■ **Problem to work on**
Exactly reproduce the lines from the one holding "this 845×633 image." through the final line of the listing below, with both ends included and nothing else.

Data records Start Marker

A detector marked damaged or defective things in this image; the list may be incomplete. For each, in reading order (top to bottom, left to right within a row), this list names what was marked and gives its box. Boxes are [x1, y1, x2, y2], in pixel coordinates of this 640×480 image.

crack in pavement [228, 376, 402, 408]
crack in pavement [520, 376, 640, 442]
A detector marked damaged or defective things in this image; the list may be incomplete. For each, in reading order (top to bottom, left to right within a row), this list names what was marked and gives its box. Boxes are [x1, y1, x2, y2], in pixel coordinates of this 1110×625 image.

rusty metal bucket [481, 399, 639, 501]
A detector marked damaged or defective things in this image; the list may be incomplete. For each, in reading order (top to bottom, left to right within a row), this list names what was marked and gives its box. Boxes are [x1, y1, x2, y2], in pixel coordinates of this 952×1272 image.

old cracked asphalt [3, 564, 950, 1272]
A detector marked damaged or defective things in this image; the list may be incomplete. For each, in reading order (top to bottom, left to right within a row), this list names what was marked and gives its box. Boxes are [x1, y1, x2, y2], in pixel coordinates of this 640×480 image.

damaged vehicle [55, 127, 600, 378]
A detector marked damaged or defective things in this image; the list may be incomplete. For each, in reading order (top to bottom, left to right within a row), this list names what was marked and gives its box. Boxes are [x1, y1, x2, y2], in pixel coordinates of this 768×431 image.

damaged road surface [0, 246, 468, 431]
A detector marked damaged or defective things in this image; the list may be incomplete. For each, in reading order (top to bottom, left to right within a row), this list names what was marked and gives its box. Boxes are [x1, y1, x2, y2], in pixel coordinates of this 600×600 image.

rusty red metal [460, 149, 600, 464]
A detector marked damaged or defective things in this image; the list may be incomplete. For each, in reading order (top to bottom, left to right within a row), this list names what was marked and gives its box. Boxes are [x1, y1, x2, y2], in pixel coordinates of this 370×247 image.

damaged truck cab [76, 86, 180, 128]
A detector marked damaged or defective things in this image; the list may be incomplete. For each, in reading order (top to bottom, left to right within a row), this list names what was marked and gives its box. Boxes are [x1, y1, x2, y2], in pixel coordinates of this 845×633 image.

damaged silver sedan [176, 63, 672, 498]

Data records End Marker

■ **Answer to this exercise**
A detector marked damaged or defective things in this image; the list may be incomplete. For each, in reading order (top to bottom, left to right within a row), this list names what was marked and gives its box. Boxes are [x1, y1, x2, y2], in pixel coordinates of this 845×633 image.

damaged silver sedan [176, 63, 672, 498]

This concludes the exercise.